Il est intéressant d'examiner les positions de Roland Barthes sur l'art de masse car elles illustrent bien les impasses du sémio-structuralisme (et, indirectement, des media studies, qui se réfèrent constamment au structuralisme) dans l'opposition entre culture de masse et culture « cultivée ».

 

« Œuvre de masse et explication de texte »

 

Dans un texte issu d'un dossier sur « enseignement et culture de masse » (« Œuvre de masse et explication de texte », Communications, mars 1963), Barthes résume assez bien les idées de la critique savante de son temps sur la culture populaire. Le document est précieux car les fameuses caractéristiques de la culture de masse (identifiée empiriquement comme ce qui passe par les moyens de communication de masse, radio, télé, cinéma, etc.) n'ont jamais été remises en cause par la suite. Selon Barthes :

1. Les arts de masse relèvent d'une logique de consommation de masse et d'une logique de production industrielle (elles sont produites « en vue d'une diffusion massive par les voies de communication de masse »).

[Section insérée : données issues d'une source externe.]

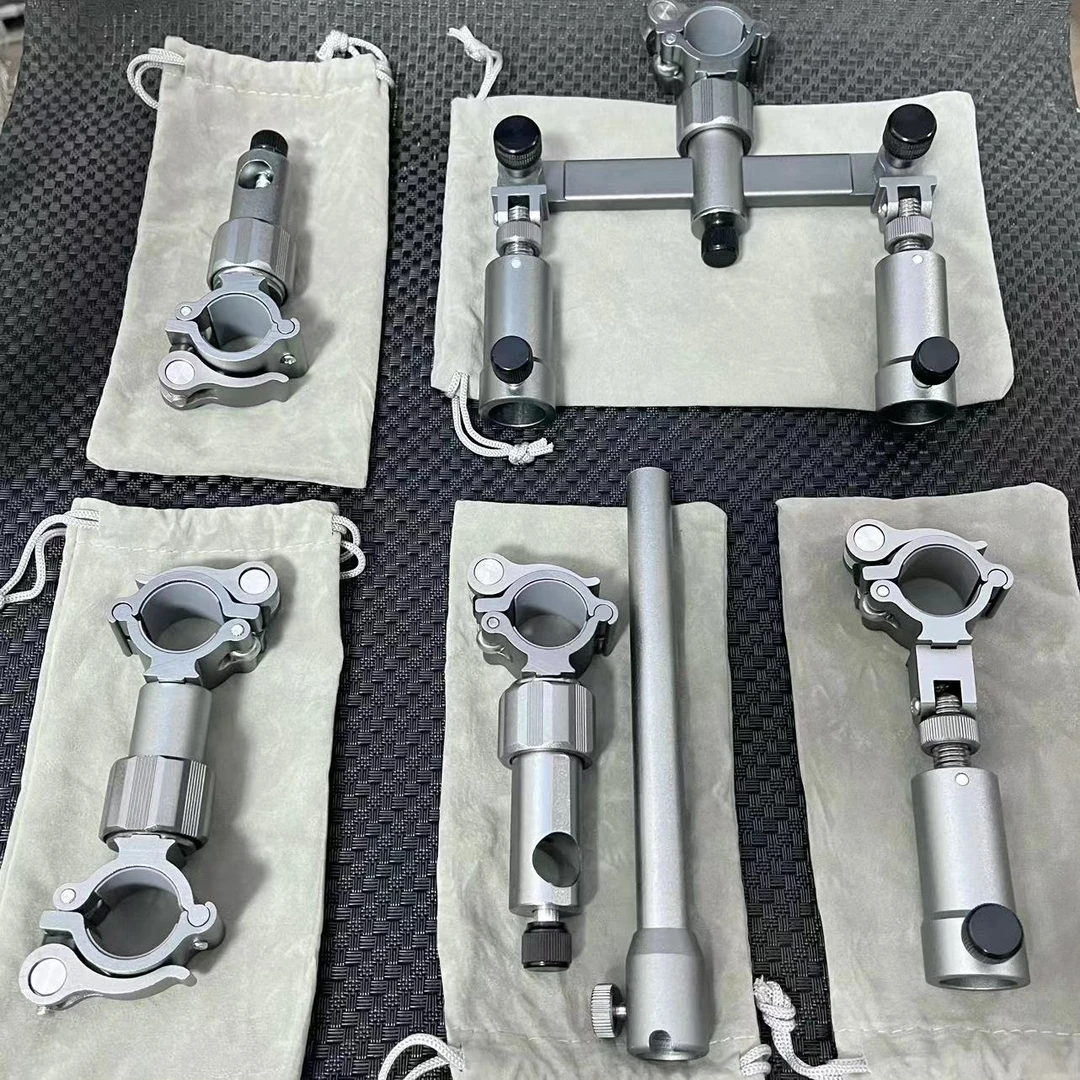 通用钓椅配件欧式炮台支架饵盆鱼护架伞架双炮台万向调节铝合金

2. Elles sont extra-linguistiques (visuelles, par exemple) ou mixtes (« mêlant des codes différentes, parole, image, musique »). Barthes pense évidemment au cinéma, mais le critère s'applique bien à la BD, constamment décrite par ses théoriciens comme mixte, car mélangeant le code de l'image et celui de la langue).

3. Les œuvres de masse sont désacralisées car non anthologiques (alors que les œuvres de la culture cultivée sont « passées au filtre d'une culture et d'une histoire »). Barthes en conclut que le problème de leur valeur n'est pas réglé lorsqu'on propose les œuvres de masse à l'élève et qu'il n'est peut-être pas nécessaire de le poser. Il arrive dès lors au quatrième critère :

4. La fonction de l'œuvre de masse est d'être consommée, d'où il découle qu'en la prélevant pour l'étudier, on la trahit peut-être. (« L'œuvre de masse est peut-être fondamentalement une œuvre immédiate, c'est-à-dire dépourvue de toute médiation éthique : c'est ainsi qu'elle est consommée, c'est là sa finalité, sa fonction profonde dans la société toute entière, et il n'est pas sûr qu'en la sélectionnant, on en la "manque" pas. »)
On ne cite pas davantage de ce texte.